Information provided.
┌────────

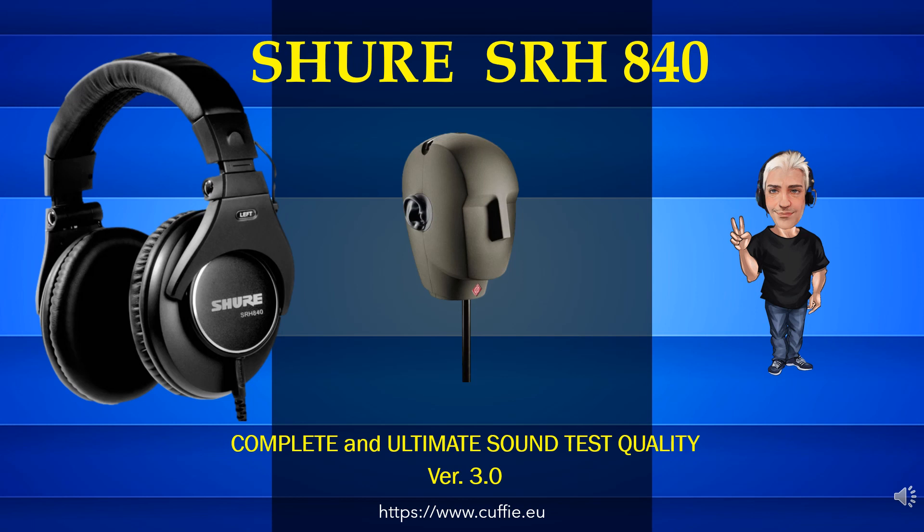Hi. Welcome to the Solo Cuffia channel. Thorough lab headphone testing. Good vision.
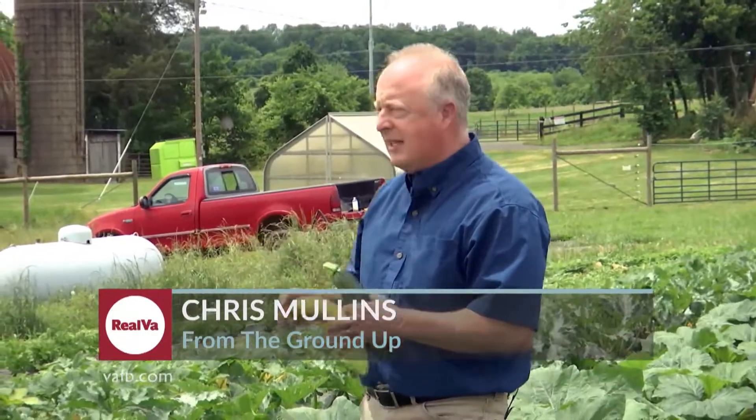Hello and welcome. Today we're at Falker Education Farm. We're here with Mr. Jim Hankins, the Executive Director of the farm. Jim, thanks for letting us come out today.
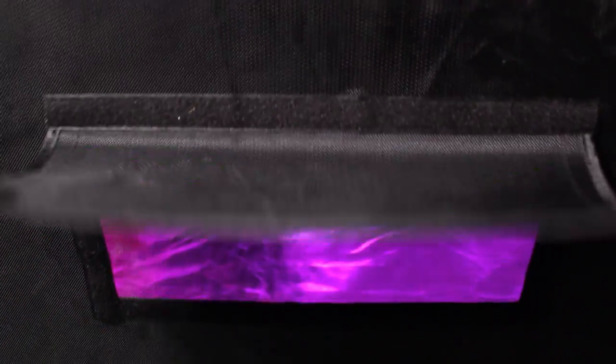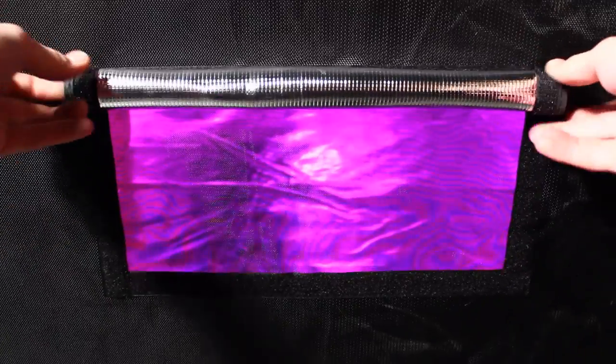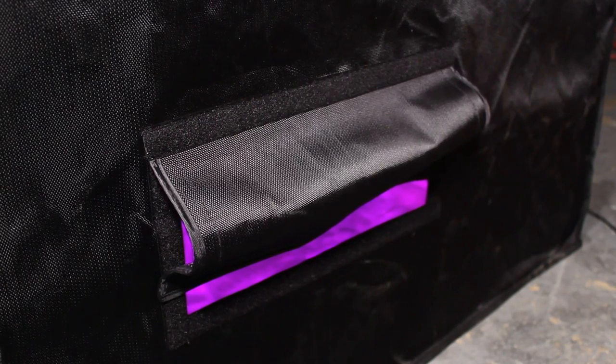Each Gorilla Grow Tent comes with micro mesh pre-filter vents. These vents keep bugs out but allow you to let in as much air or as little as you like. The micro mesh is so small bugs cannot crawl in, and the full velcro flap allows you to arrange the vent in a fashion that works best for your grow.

└────────

Aim of the exercise. Pictures aside, repeat every line of the data above exactly.

Answer area.
Hi. Welcome to the Solo Cuffia channel. Thorough lab headphone testing. Good vision.
Hello and welcome. Today we're at Falker Education Farm. We're here with Mr. Jim Hankins, the Executive Director of the farm. Jim, thanks for letting us come out today.
Each Gorilla Grow Tent comes with micro mesh pre-filter vents. These vents keep bugs out but allow you to let in as much air or as little as you like. The micro mesh is so small bugs cannot crawl in, and the full velcro flap allows you to arrange the vent in a fashion that works best for your grow.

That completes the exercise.